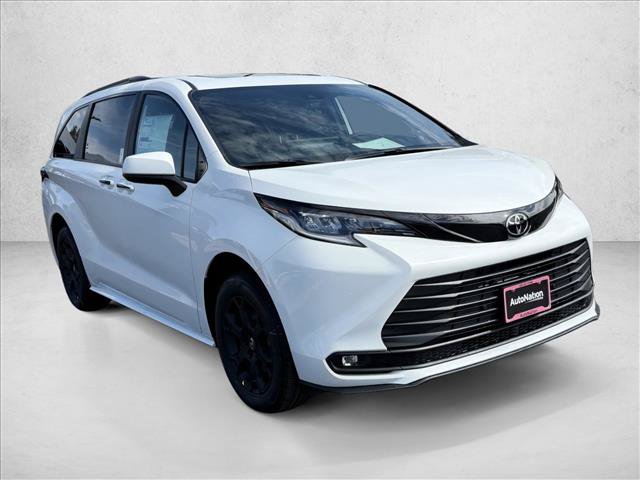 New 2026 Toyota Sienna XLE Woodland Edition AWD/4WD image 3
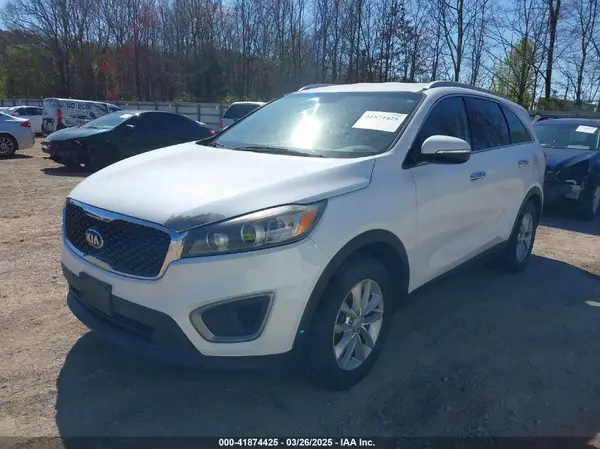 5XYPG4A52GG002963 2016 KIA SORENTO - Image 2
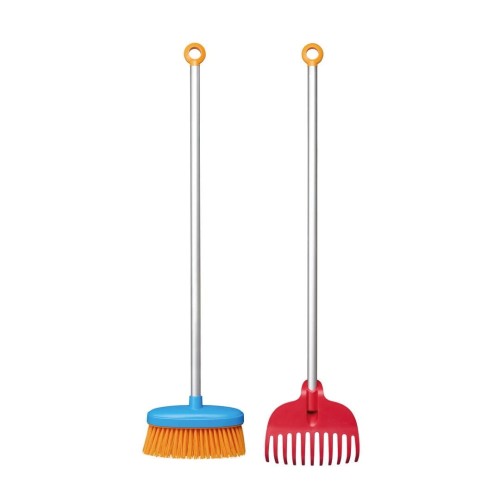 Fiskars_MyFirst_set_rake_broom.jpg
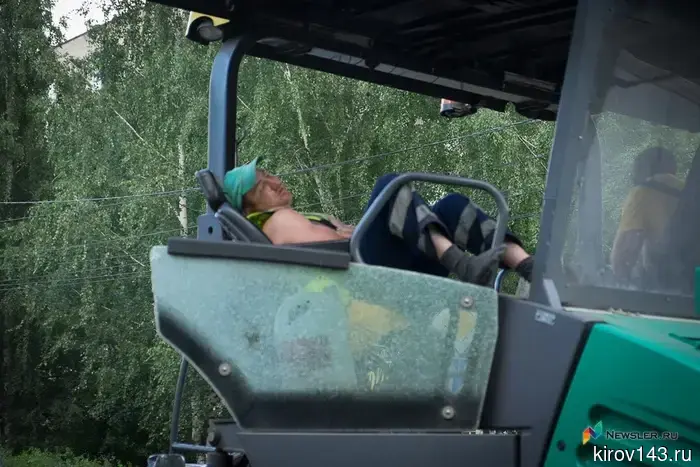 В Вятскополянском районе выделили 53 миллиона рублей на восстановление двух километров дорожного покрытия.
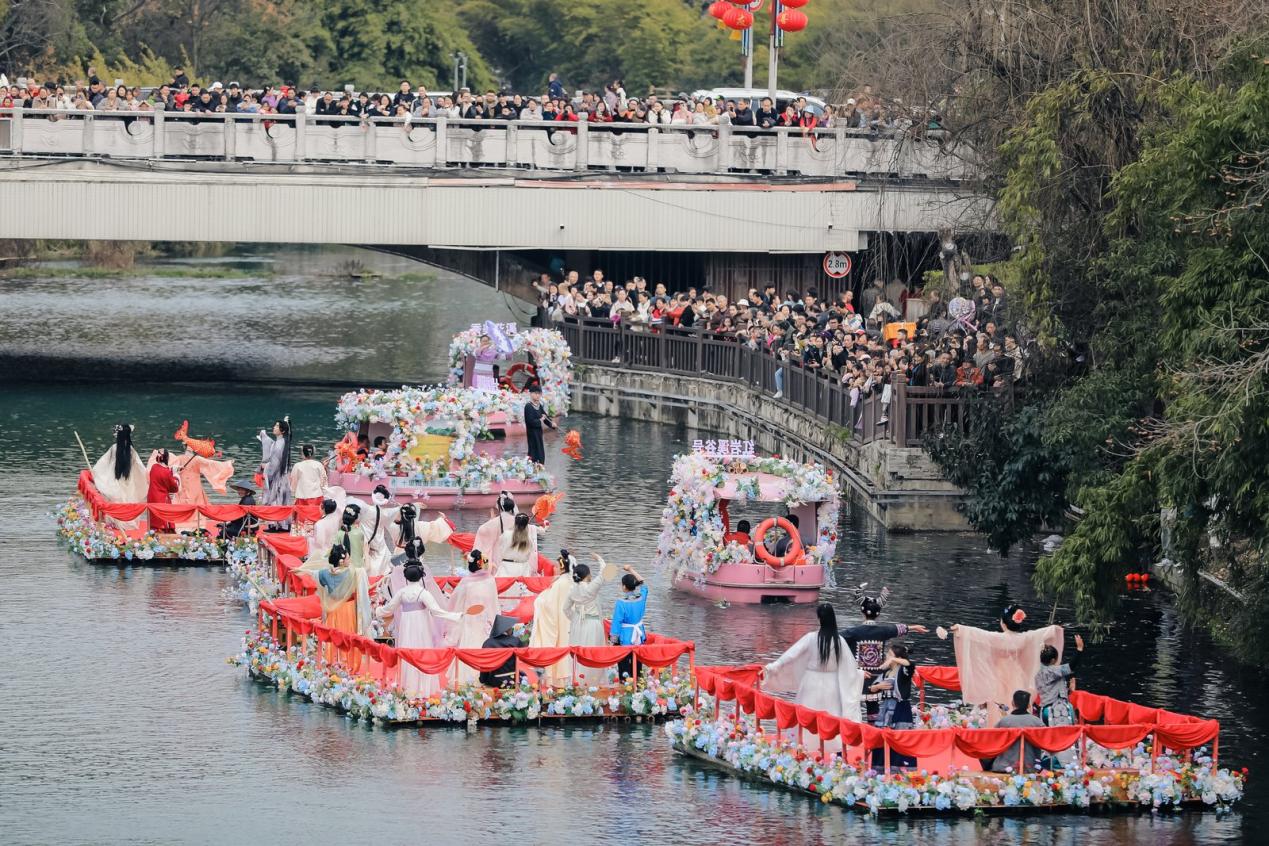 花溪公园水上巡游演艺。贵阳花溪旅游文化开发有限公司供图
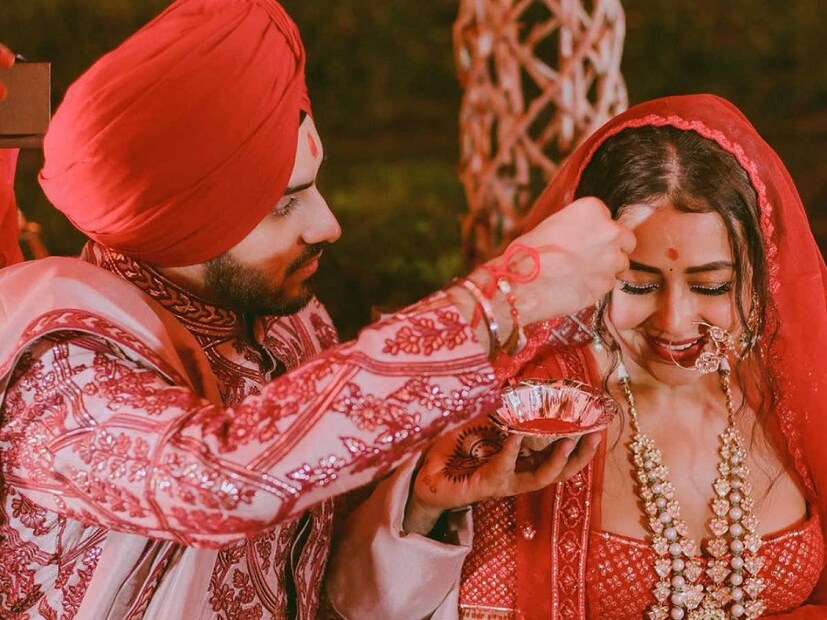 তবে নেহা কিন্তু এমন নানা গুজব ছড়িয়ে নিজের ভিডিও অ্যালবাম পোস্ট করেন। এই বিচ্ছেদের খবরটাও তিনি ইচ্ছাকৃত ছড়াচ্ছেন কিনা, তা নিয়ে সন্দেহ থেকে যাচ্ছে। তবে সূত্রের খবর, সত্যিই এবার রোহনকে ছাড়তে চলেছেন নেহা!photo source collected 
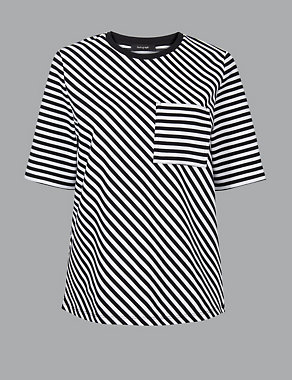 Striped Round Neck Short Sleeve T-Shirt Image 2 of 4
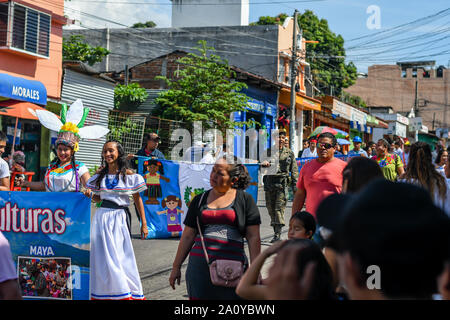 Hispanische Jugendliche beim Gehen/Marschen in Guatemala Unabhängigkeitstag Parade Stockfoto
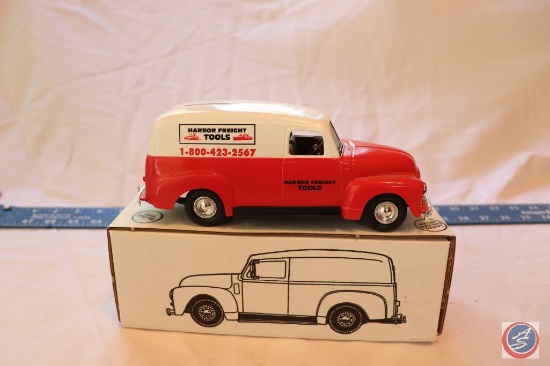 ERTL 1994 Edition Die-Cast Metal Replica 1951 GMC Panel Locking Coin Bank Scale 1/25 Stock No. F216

WHAT YOU SHOULD DO:
Restate word for word the lines from the one with "তবে নেহা কিন্তু" to the end of the material, both included. Do not include the pictures.

ANSWER AREA:
 তবে নেহা কিন্তু এমন নানা গুজব ছড়িয়ে নিজের ভিডিও অ্যালবাম পোস্ট করেন। এই বিচ্ছেদের খবরটাও তিনি ইচ্ছাকৃত ছড়াচ্ছেন কিনা, তা নিয়ে সন্দেহ থেকে যাচ্ছে। তবে সূত্রের খবর, সত্যিই এবার রোহনকে ছাড়তে চলেছেন নেহা!photo source collected 
 Striped Round Neck Short Sleeve T-Shirt Image 2 of 4
 Hispanische Jugendliche beim Gehen/Marschen in Guatemala Unabhängigkeitstag Parade Stockfoto
 ERTL 1994 Edition Die-Cast Metal Replica 1951 GMC Panel Locking Coin Bank Scale 1/25 Stock No. F216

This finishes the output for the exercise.